Tiempo hace que diversas cosmogonías establecieron la palingenesia, la resurrección, el círculo eterno, el regreso a los inicios, etc. Y en realidad —lo sé también— hoy no ocurre nada, no ocurre gran cosa. Es, como hay quienes dicen, un día como cualquier otro. ¿Qué le hace a uno esto del Año Nuevo? No es más que una fecha; no son más que pamplinas. ¡Nada! Lunes, martes, miércoles, ¡siempre lo mismo! ¿Quién nota el cambio? ¡¿Y por qué dejarse engañar?! Pero hay que tener cuidado con los engaños; tanto cuidado, que el primero en sospechar ha de ser uno mismo, ya que ocurre que las más de las veces nos engañamos como de incógnito, esperando hacerlo a costa nuestra y por nuestro propio bien, ¡vaya una contradicción!

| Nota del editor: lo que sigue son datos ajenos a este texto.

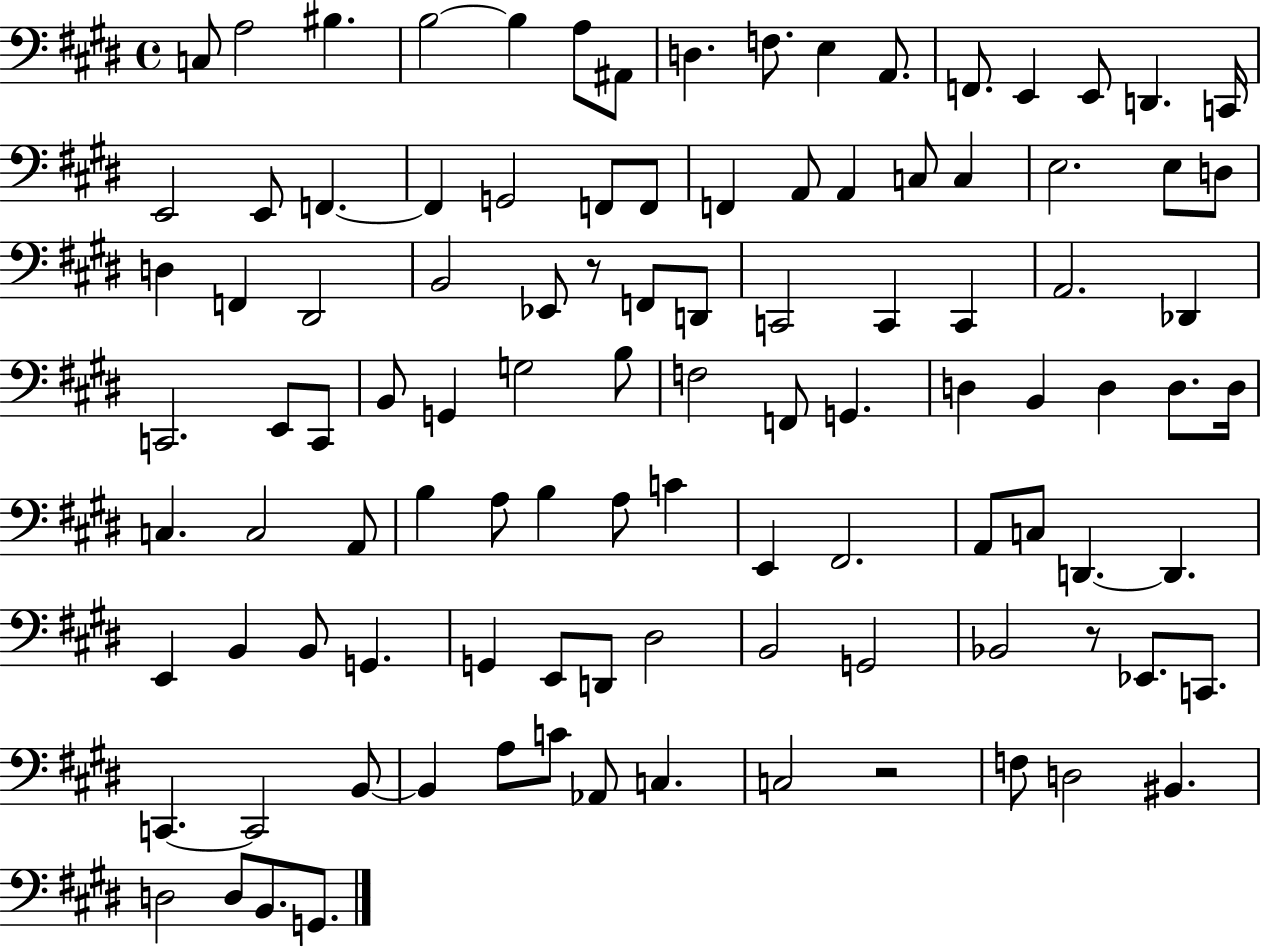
X:1
T:Untitled
M:4/4
L:1/4
K:E
C,/2 A,2 ^B, B,2 B, A,/2 ^A,,/2 D, F,/2 E, A,,/2 F,,/2 E,, E,,/2 D,, C,,/4 E,,2 E,,/2 F,, F,, G,,2 F,,/2 F,,/2 F,, A,,/2 A,, C,/2 C, E,2 E,/2 D,/2 D, F,, ^D,,2 B,,2 _E,,/2 z/2 F,,/2 D,,/2 C,,2 C,, C,, A,,2 _D,, C,,2 E,,/2 C,,/2 B,,/2 G,, G,2 B,/2 F,2 F,,/2 G,, D, B,, D, D,/2 D,/4 C, C,2 A,,/2 B, A,/2 B, A,/2 C E,, ^F,,2 A,,/2 C,/2 D,, D,, E,, B,, B,,/2 G,, G,, E,,/2 D,,/2 ^D,2 B,,2 G,,2 _B,,2 z/2 _E,,/2 C,,/2 C,, C,,2 B,,/2 B,, A,/2 C/2 _A,,/2 C, C,2 z2 F,/2 D,2 ^B,, D,2 D,/2 B,,/2 G,,/2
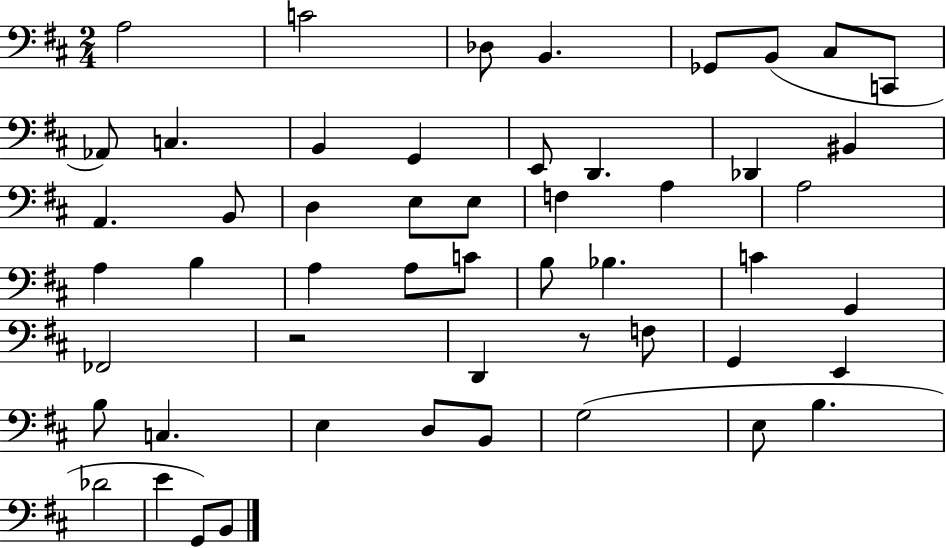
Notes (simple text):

A3/h C4/h Db3/e B2/q. Gb2/e B2/e C#3/e C2/e Ab2/e C3/q. B2/q G2/q E2/e D2/q. Db2/q BIS2/q A2/q. B2/e D3/q E3/e E3/e F3/q A3/q A3/h A3/q B3/q A3/q A3/e C4/e B3/e Bb3/q. C4/q G2/q FES2/h R/h D2/q R/e F3/e G2/q E2/q B3/e C3/q. E3/q D3/e B2/e G3/h E3/e B3/q. Db4/h E4/q G2/e B2/e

Al menos, hay una cosa que es segura, esta fecha es un símbolo, y lo que los símbolos tienen a favor es que no pueden ser o no reales, sino que remiten a una porción de lo real (o a lo real mismo), y graciosamente permanecen indemnes; lejanos a los ataques. ¿Y cuál es el símbolo? Que una vida recomienza. ¿Y acaso tal cosa no ocurre cada día, cuando volvemos a despertar? Es natural, pero nunca tanto como hoy llegamos a recordarlo tan vivamente (y vivamente es carnalmente, con toda la fuerza de nuestra razón y nuestro sentimiento). Digo: nunca tanto como hoy sentimos de forma tan meridiana la existencia a la que nos encontramos sujetos; cada quien, cada cual. Y por eso, creo, mis ojos se bañan y renuevan con el baño; por eso mi lloro de despedida; por eso mi lloro de esperanza. Porque espero que esta vez, una vez más o de una vez por todas, despertemos a la vida y abracemos la vida que comienza. Como cada día, cuando volvemos a despertar, pero hoy: más que nunca. ¡Hoy, para siempre!